§ **PROMPT**
When you reach the line containing "The roll-off is" in the records below, start copying exactly, and stop once you have copied the line containing "What's up? William".

MATERIAL FOR THE TASK: Begin

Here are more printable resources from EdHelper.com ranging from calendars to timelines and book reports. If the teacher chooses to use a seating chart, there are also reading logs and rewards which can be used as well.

MATERIAL FOR THE TASK: End
MATERIAL FOR THE TASK: Begin

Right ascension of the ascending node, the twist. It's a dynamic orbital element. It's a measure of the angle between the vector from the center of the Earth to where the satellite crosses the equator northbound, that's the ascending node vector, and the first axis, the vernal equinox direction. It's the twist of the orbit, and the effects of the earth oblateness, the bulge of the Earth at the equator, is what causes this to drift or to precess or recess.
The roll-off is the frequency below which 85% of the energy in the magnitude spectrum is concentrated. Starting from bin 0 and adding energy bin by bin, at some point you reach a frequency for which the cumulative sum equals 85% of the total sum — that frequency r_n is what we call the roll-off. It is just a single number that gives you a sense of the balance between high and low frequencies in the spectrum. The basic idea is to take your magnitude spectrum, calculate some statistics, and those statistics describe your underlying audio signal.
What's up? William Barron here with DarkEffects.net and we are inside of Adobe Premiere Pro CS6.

MATERIAL FOR THE TASK: End
MATERIAL FOR THE TASK: Begin

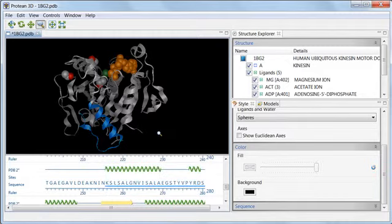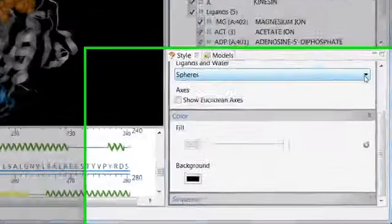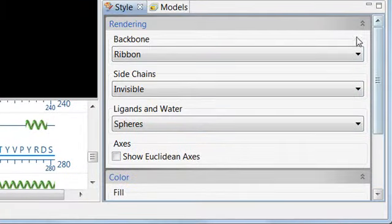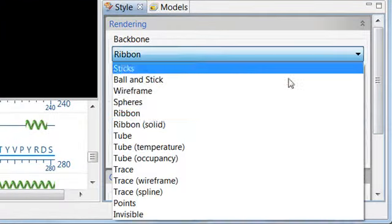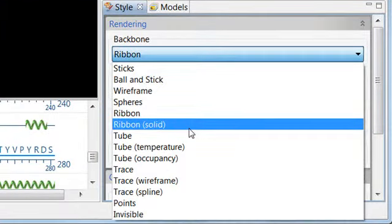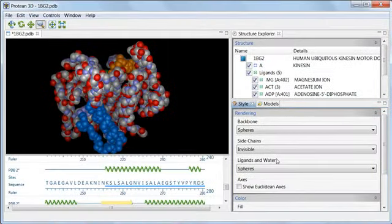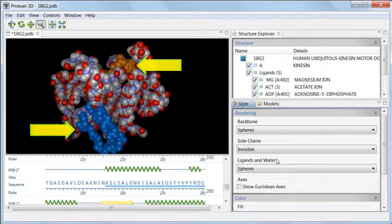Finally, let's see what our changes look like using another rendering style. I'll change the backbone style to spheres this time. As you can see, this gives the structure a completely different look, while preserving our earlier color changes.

MATERIAL FOR THE TASK: End

§ **RESULT OF THIS EXERCISE**
The roll-off is the frequency below which 85% of the energy in the magnitude spectrum is concentrated. Starting from bin 0 and adding energy bin by bin, at some point you reach a frequency for which the cumulative sum equals 85% of the total sum — that frequency r_n is what we call the roll-off. It is just a single number that gives you a sense of the balance between high and low frequencies in the spectrum. The basic idea is to take your magnitude spectrum, calculate some statistics, and those statistics describe your underlying audio signal.
What's up? William Barron here with DarkEffects.net and we are inside of Adobe Premiere Pro CS6.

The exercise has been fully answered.